Por: Sandra Dueñes Monárrez.
Jalisco., a 18 de abril del 2026.- A través de un desgarrador pero firme manifiesto, el colectivo Guerreras Buscadoras de Jalisco lanzó una alerta urgente a la sociedad y a las autoridades tras el reciente rescate de un grupo de menores de edad que habían sido víctimas de reclutamiento forzado bajo engaños de ofertas de trabajo.
El colectivo denuncia que el reclutamiento no es un hecho aislado, sino una realidad vigente que ocurre «hoy mismo» en las redes sociales. Según el reporte, los jóvenes son contactados con promesas de «dinero fácil», los hacen salir de sus ciudades y una vez aislados, pierden el contacto con sus familias.
«Uno alcanzó a avisar a su mamá… y lograron rescatarlos. ¿Y los que no pueden avisar?», cuestiona el colectivo, señalando a Jalisco como el epicentro de una barbaridad que no se detiene.
Exigencia de acción, no de simulación, es por ese motivo que, cansadas de pedir ayuda, las madres buscadoras ahora exigen:
- Prevención real y no solo discursos.
- Información clara sobre las rutas de reclutamiento.
- Acción inmediata de las autoridades para frenar el engaño en redes sociales.
Un llamado a la sociedad El mensaje es directo para los padres de familia: esto no es trabajo, es reclutamiento. El colectivo urge a la sociedad a no normalizar el riesgo, a verificar cualquier oferta laboral que implique aislamiento y, sobre todo, a hablar con los hijos sobre los peligros que acechan tras una pantalla.

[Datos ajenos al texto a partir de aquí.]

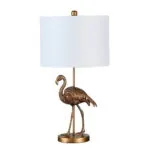 26" Antiqued Gold Resin Flamingo Table Lamp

«Hoy los rescataron… mañana puede ser demasiado tarde», concluye el manifiesto de quienes hoy alzan la voz por los que no pudieron hacerlo.

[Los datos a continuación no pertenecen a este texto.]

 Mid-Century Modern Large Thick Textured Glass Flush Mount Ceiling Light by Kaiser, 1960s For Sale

Expertos en seguridad y organismos internacionales como la REDIM han advertido que el reclutamiento forzado en México ha dejado de ser una sospecha para convertirse en una estadística de guerra. Se estima que el crimen organizado es ya el quinto empleador más grande del país, necesitando captar a más de 350 personas por semana para sostener sus filas. Este «ejército invisible» se nutre principalmente de menores de entre 12 y 17 años, quienes son vistos por las células delictivas como piezas prescindibles en un engranaje de violencia que no distingue fronteras estatales.
La alerta de las Guerreras Buscadoras pone el dedo en la llaga sobre la nueva modalidad de enganche: el entorno digital. Lo que comienza como una oferta laboral tentadora en Facebook o un mensaje de «dinero fácil» en grupos de WhatsApp, termina en el aislamiento total de la víctima.

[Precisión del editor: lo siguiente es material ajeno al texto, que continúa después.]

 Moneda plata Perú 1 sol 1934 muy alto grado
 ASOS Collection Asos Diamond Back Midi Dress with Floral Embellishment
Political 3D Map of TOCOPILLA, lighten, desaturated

Los reclutadores aprovechan la vulnerabilidad económica y el uso constante de redes sociales para detectar perfiles, trasladar a los jóvenes fuera de sus ciudades de origen y, una vez vulnerables, obligarlos a participar en actividades ilícitas bajo amenazas contra sus familias.
Ante la falta de políticas públicas de prevención real por parte de los tres niveles de gobierno, la responsabilidad ha recaído nuevamente en los hogares. La exigencia de las madres buscadoras es un recordatorio de que la seguridad comienza con la comunicación: verificar ofertas de trabajo sospechosas, monitorear la actividad digital de los menores y, sobre todo, no normalizar la salida de jóvenes hacia empleos inciertos en otros estados. El silencio y la simulación oficial son el caldo de cultivo perfecto para que esta barbaridad siga cobrando vidas.